Core Features and Technology
Daisee is an AI-powered voice analytics platform designed specifically for contact centre quality assurance (QA). It claims to analyze 100% of calls, not just a sampled subset. The technology relies on automatic speech recognition (ASR) and natural language processing (NLP) to transcribe conversations, detect emotions, and flag compliance gaps. The website quotes "90%+ accuracy in transcription and quality scoring," verified through a control group study. This is a strong claim, but without access to a demo, I cannot verify the Word Error Rate (WER) or the scoring consistency. Industry leaders like Deepgram or AssemblyAI often achieve similar accuracy for English, so it is plausible.
The platform offers three primary use cases: quality assurance, revenue generation, and agent productivity. For QA, it automatically identifies non-compliant calls and assigns scores. For revenue, it surfaces insights about caller intent and sentiment to help agents upsell or resolve issues faster. For productivity, it provides team-wide performance analytics so managers can coach effectively. Daisee integrates with existing contact centre infrastructure, though specific integration partners (e.g., Genesys, Five9) are not listed on the homepage. The site mentions a case study with MYOB, an Australian accounting software firm, which reported a 22% increase in customer satisfaction (CSAT) after implementation.
Pricing is not publicly listed on the website. This is common for enterprise tools, but it means smaller teams or solo practitioners may find it hard to evaluate upfront. Based on the ROI calculator asking for agent seat count, I suspect pricing is per-seat per-month with tiered discounts for larger deployments. Competitors in this space include Observe.AI (which also offers real-time agent assistance and automated QA) and CallMiner (focused on speech analytics for compliance). Daisee differentiates by emphasizing its accuracy and the 300% ROI claim within 12 months—a metric that will attract CFOs and operations leaders.
Strengths and Limitations
The greatest strength of Daisee is its focus on comprehensive, automated QA. Traditional call centres manually review only 1-3% of interactions; Daisee's 100% analysis is a massive leap forward. The ability to detect sentiment and compliance gaps automatically can reduce risk and improve customer experience. The ROI claim is also compelling, though it is based on an average of their customers, so results will vary.

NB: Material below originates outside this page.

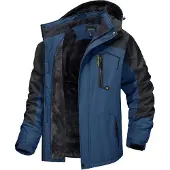 Sonstiges Herren Winter Skijacke Fleece Gefüttert Outdoor Wasserdicht Funktionsjacke XXL Blau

However, there are real limitations. First, without any public pricing or a free trial, it is difficult for smaller call centres to gauge feasibility. Second, the accuracy of 90%+ may drop for noisy audio, heavy accents, or non-English languages (the site does not specify supported languages). Third, the product seems deeply enterprise-oriented—if you run a small outbound-only team, you might be overspending on features you never use. Finally, the dashboard and UX are not shown clearly; I would have liked to see screenshots or a walkthrough video to assess ease of use.
Daisee is best suited for mid-to-large contact centres (50+ seats) that prioritize compliance, quality, and revenue uplift. It would be less ideal for tiny operations or businesses that only need basic call recording without AI analysis. If you are in the latter camp, tools like Otter.ai or simple transcription APIs might suffice.